=== Input data ===
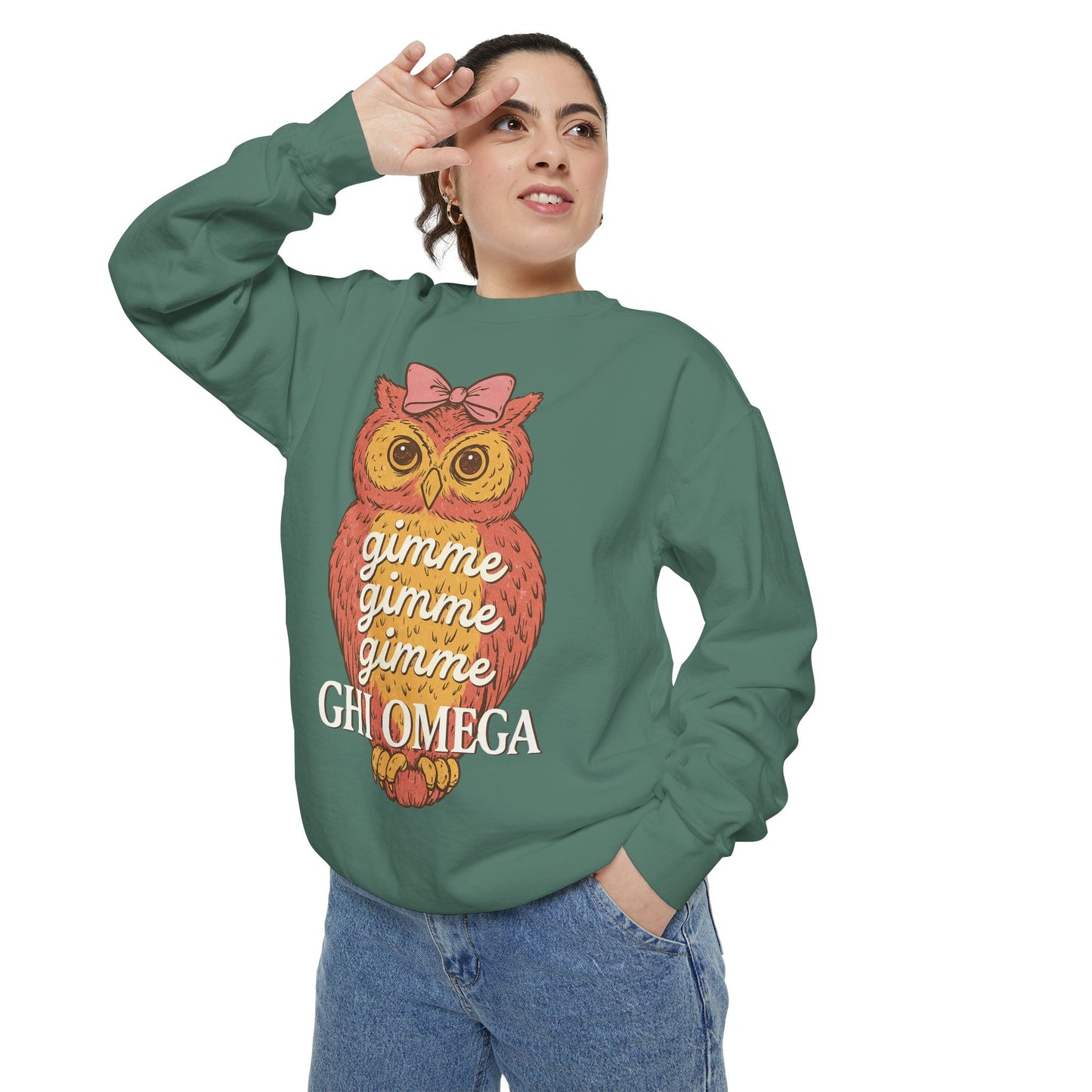 Gimme Gimme Owl Sweatshirt, Unisex Sweatshirt, Sorority Apparel, Cute Owl Design, Cozy Gift, College Sweatshirt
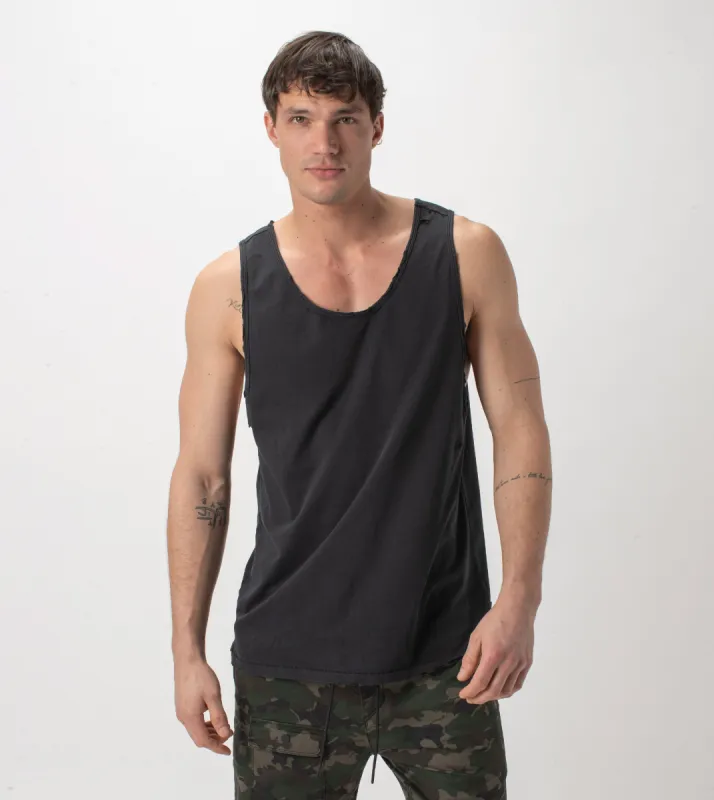 Ripped Rugger Tank GD Black sold by Zanerobe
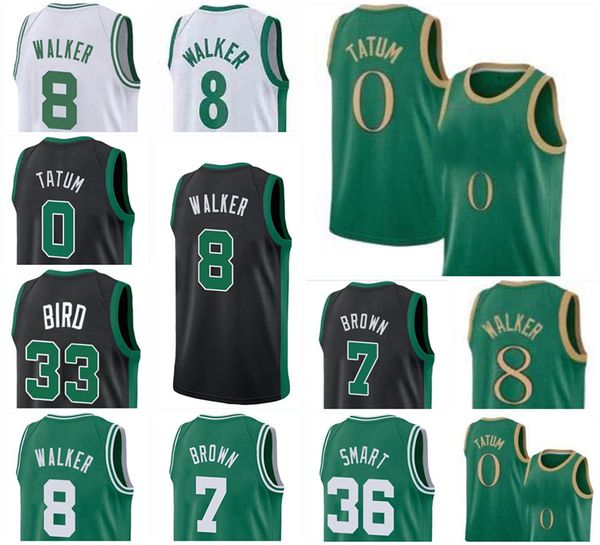 

high-quality 8 walker jersey 7 brown marcus shirt 0 tatum 36 smart green black men basketball jerseys top, Black;red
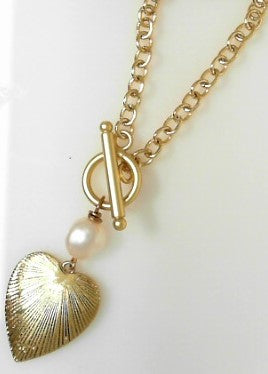 Gold Plated Heart Toggle Necklace with Pearl Bead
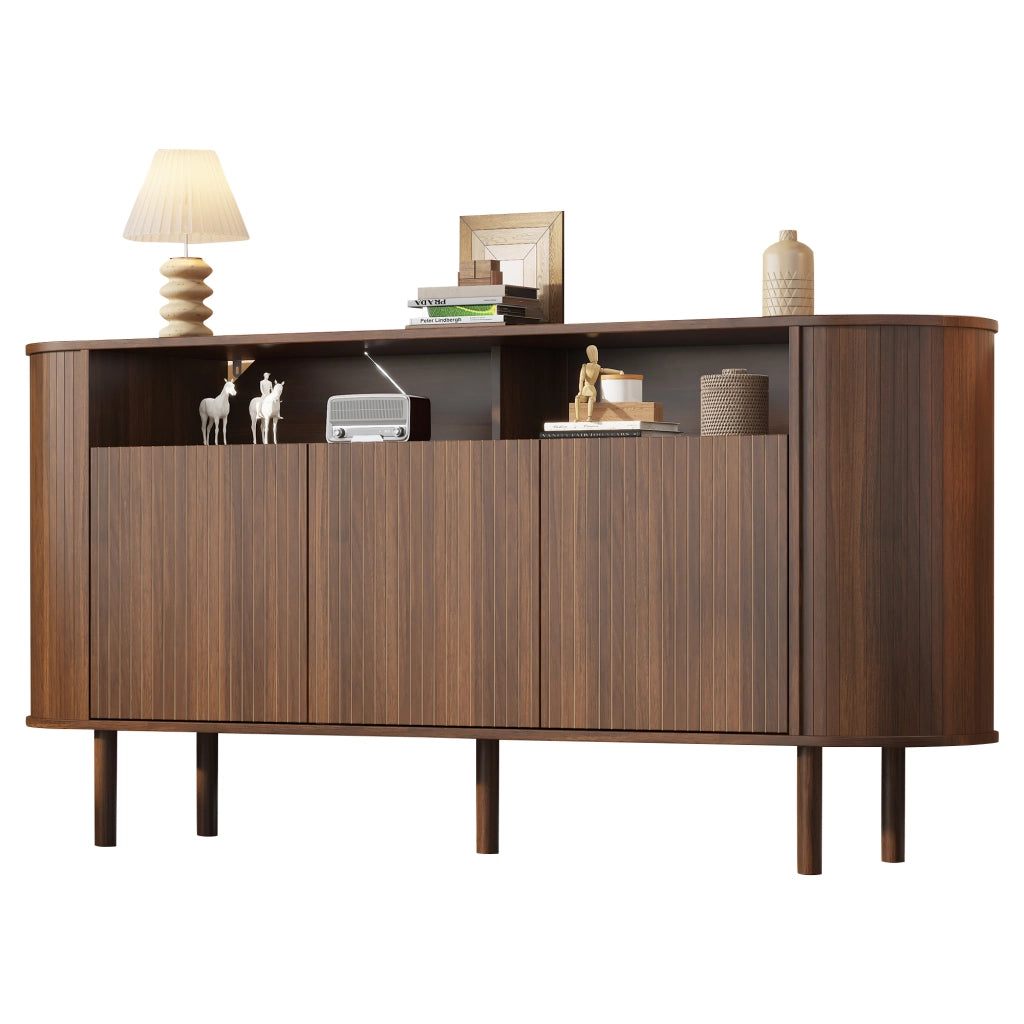 Credenza sideboard 160x40x78,5 cm in color noce con 3 ante ondulate e 2 vani a giorno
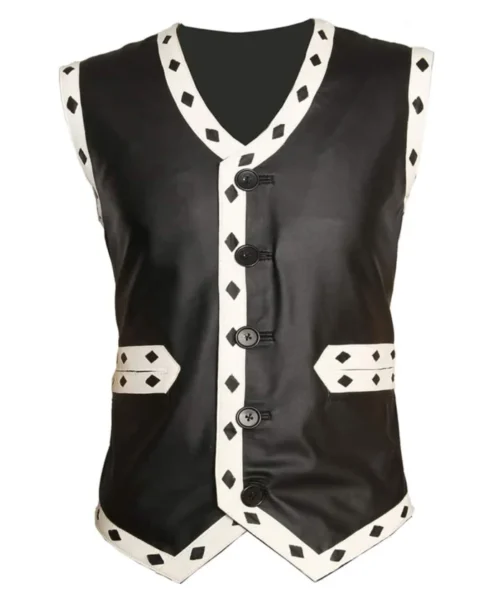 Black-The-Warriors-Biker-Leather-Vest-Costume-men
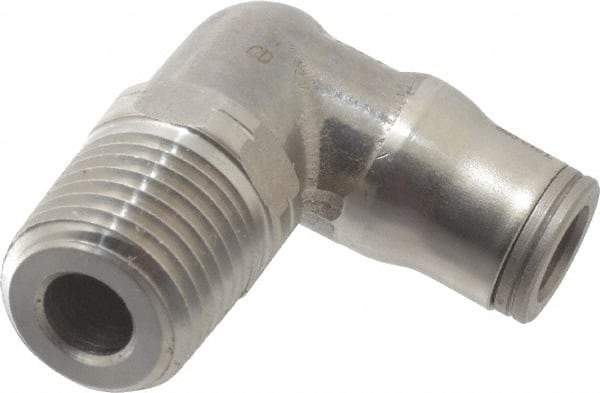 Legris - 1/4" Outside Diam, 1/4 NPT, Stainless Steel Push-to-Connect Male Elbow - 290 Max psi, Tube to Male NPT Connection, FKM O-Ring - Apex Tool & Supply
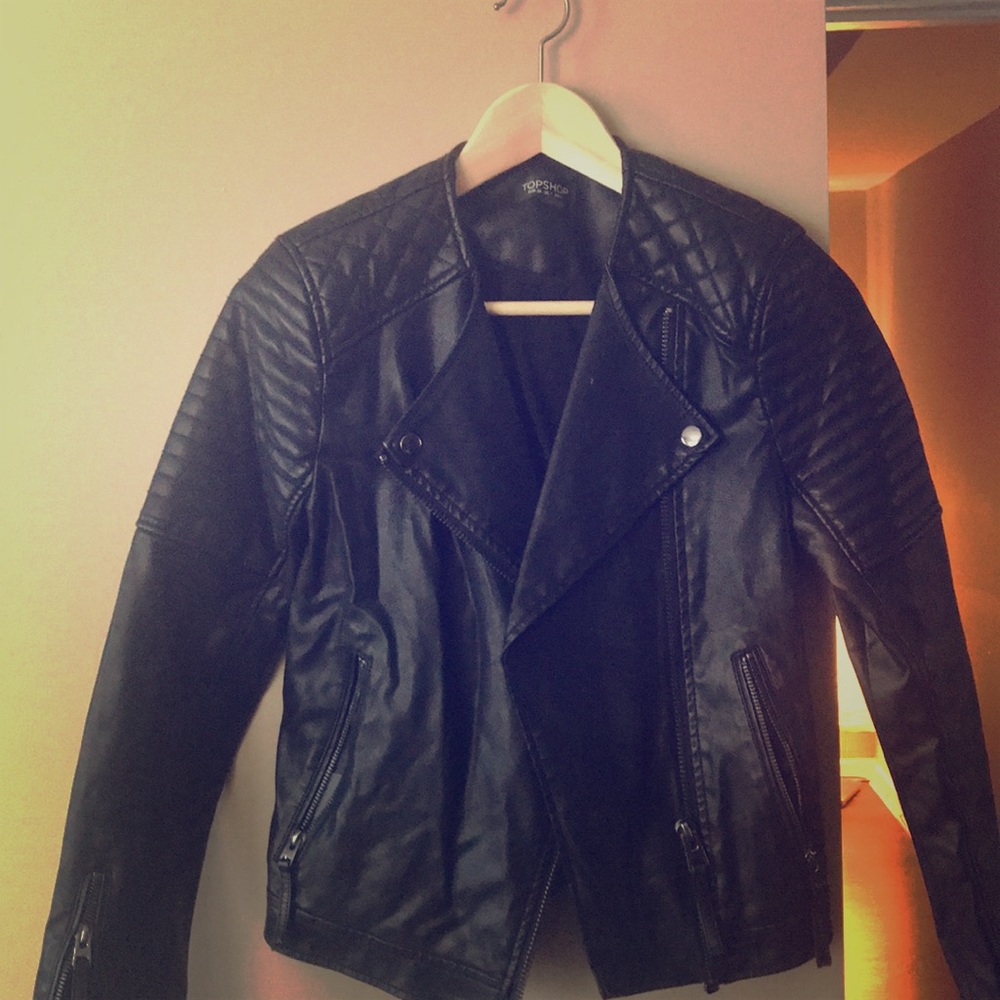 Size 2 Topshop faux leather jacket!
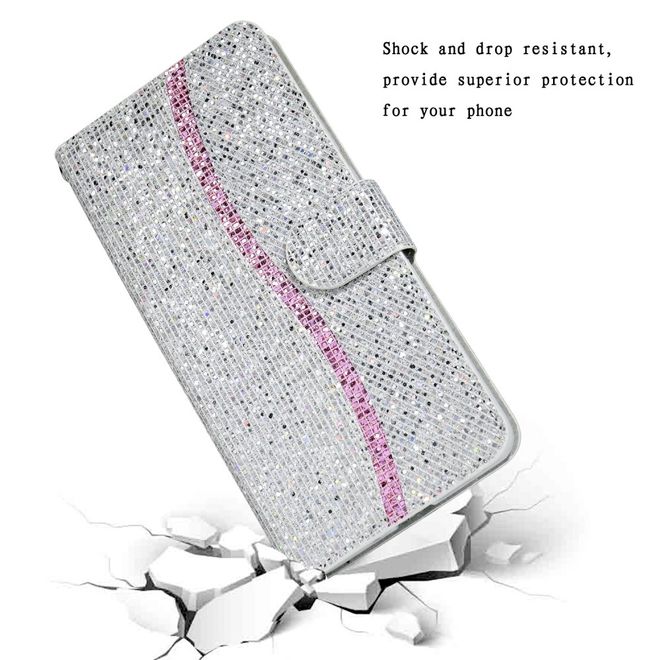 iPhone SE (2022) / SE (2020) / 8 / 7 Handy Hülle - Leder Glitzerhülle mit Streifen - silber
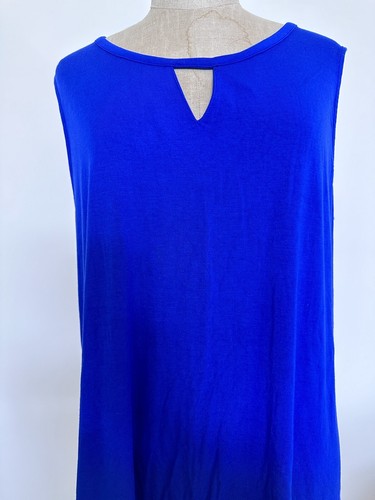 BLUE ILLUSION WOMENS ELECTRIC BLUE STRETCH TOP SIZE 2L - Picture 2 of 11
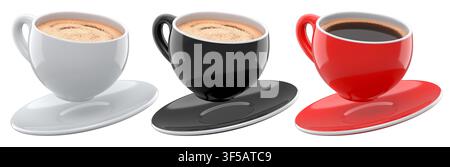 Set of colorful ceramic coffee cups with hot drinks, glossy style isolated on white background, concept of variety and refreshment Stock Photo
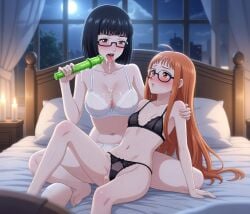ai_generated aroused_expression bed bedroom bedroom_eyes black_hair blush bra brown_eyes candles daughter garter_belt glasses incest licking licking_vibrator moon mother mother_and_daughter night older_woman_and_teenage_girl orange_hair panties persona persona_(series) persona_5 purple_eyes pussy_juice_dripping pussy_juice_on_breasts pussy_juice_on_vibrator sakura_futaba saliva saliva_on_breasts sex_toy sitting sitting_on_bed sitting_on_lap small_breasts sweat tasting_pussy_juice tongue underwear vaginal_fluids vibrator wakaba_ishiki yuri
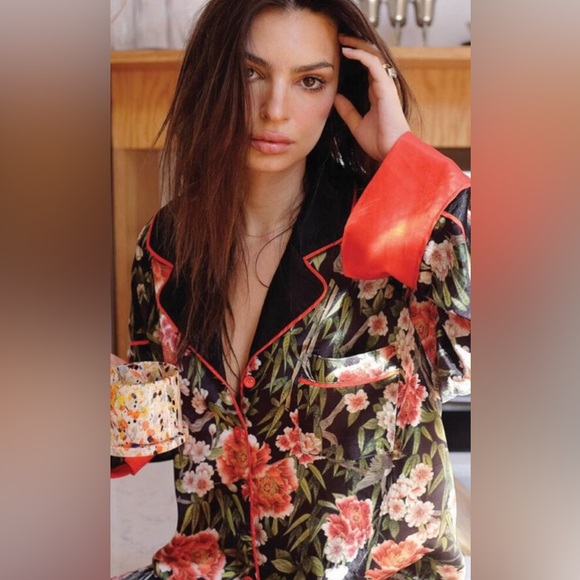 We are HAH Satin PJ Set NWT, in Flock 2gether Noir Black & Red Floral Size XXL - Picture 8 of 11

=== Work instructions ===
Nothing but the lines from the one with "high-quality 8 walker" to the one with "Credenza sideboard 160x40x78,5" above, both included, should be transcribed, exactly and without pictures.

=== Solution for this problem ===
high-quality 8 walker jersey 7 brown marcus shirt 0 tatum 36 smart green black men basketball jerseys top, Black;red
 Gold Plated Heart Toggle Necklace with Pearl Bead
 Credenza sideboard 160x40x78,5 cm in color noce con 3 ante ondulate e 2 vani a giorno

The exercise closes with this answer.